What changed? Why did Western Europeans suddenly find heresy a crime worthy of the death penalty? That is the question I am trying to answer in this thesis. Why did the church and secular leaders who ordered the executions find them necessary? To answer that big question, I look at what those churchmen wrote about the cases. There are other cases of heresy during these decades that did not require the death penalty, so I inquire into why some heretics were killed, while others were not. Were some of the heretics killed for reasons other than what they believed?
The accused in each case were killed for different reasons. In Orléans, two coalitions of powerful families had competed with each other for King Robert's favor for years. When, around 1005, the king divorced his wife from one family and married a princess, Constance, from the other, the rejected faction fought back. After they failed in two attempts to oust Constance, they discovered that her confessor held heretical beliefs. They forced the king to deal with the situation publicly, at the Synod of Orléans in 1022, where it became clear that there really was a heresy.
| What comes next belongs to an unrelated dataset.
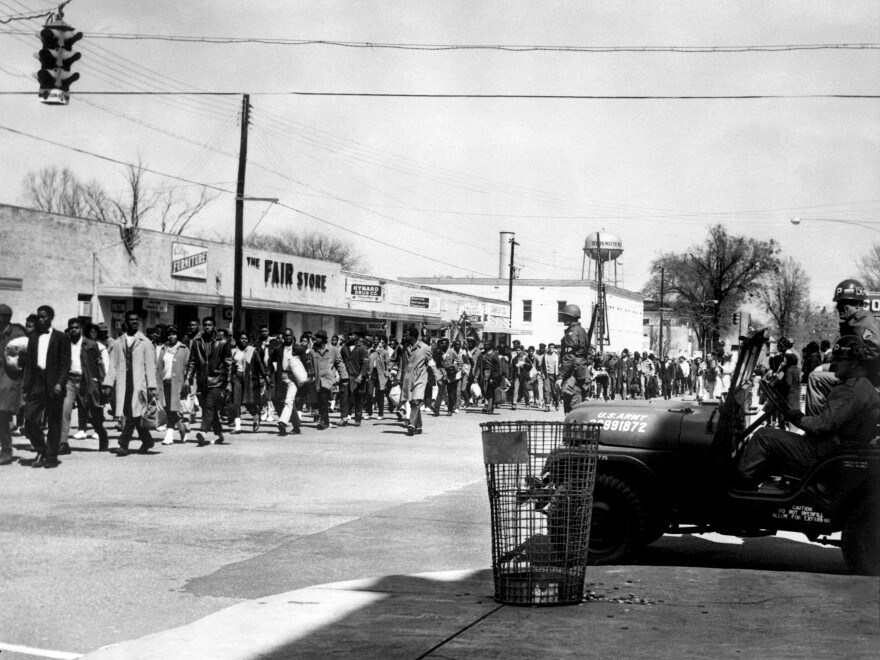 Civil rights demonstrators pass by federal guards as they make their way from Selma to Montgomery in 1965, on the third leg of their famous march.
Because his queen was in danger of death, the king publicly repudiated the heresy by burning the accused priests.
It is harder to understand why the lay elders of Milan took the same action six years later. The accused heretics were from a different province, so the elders were not facing the same pressures King Robert had. There were no economic or cultural reasons for the Milanese leaders to kill the villagers from a distant castle. Perhaps they were trying to prove to the people that they were better leaders than the nominal leader of the Milanese church, and thus the town, Archbishop Aribert. Or perhaps the chronicler, Landulf the Elder, was covering up the fact that the archbishop ordered the executions. In Goslar, only three men recorded any original information about the case. We know that the accused heretics did not represent any kind of threat to the emperor, and very little threat to the church. Politics do give us our best answer, however.
The emperor was trying to keep the loyalty of the aristocrats, and aristocrats held almost all the leadership positions in the German church. Perhaps Henry was trying to show his support for his bishops and archbishops in dealing with any arising religious opposition. In all three cases, along with roughly a dozen other outbreaks of dissent between 1000 and 1050, the western church was facing new opposition from the newly literate laity, and its churchmen increasingly relied on coercive force to maintain their positions. Politicians and clergy alike used accusations of heresy to maintain their control of their lands and people. All three cases of execution can be boiled down to politics, and the unstable balance of power between the church, the monarchy, and the nobility.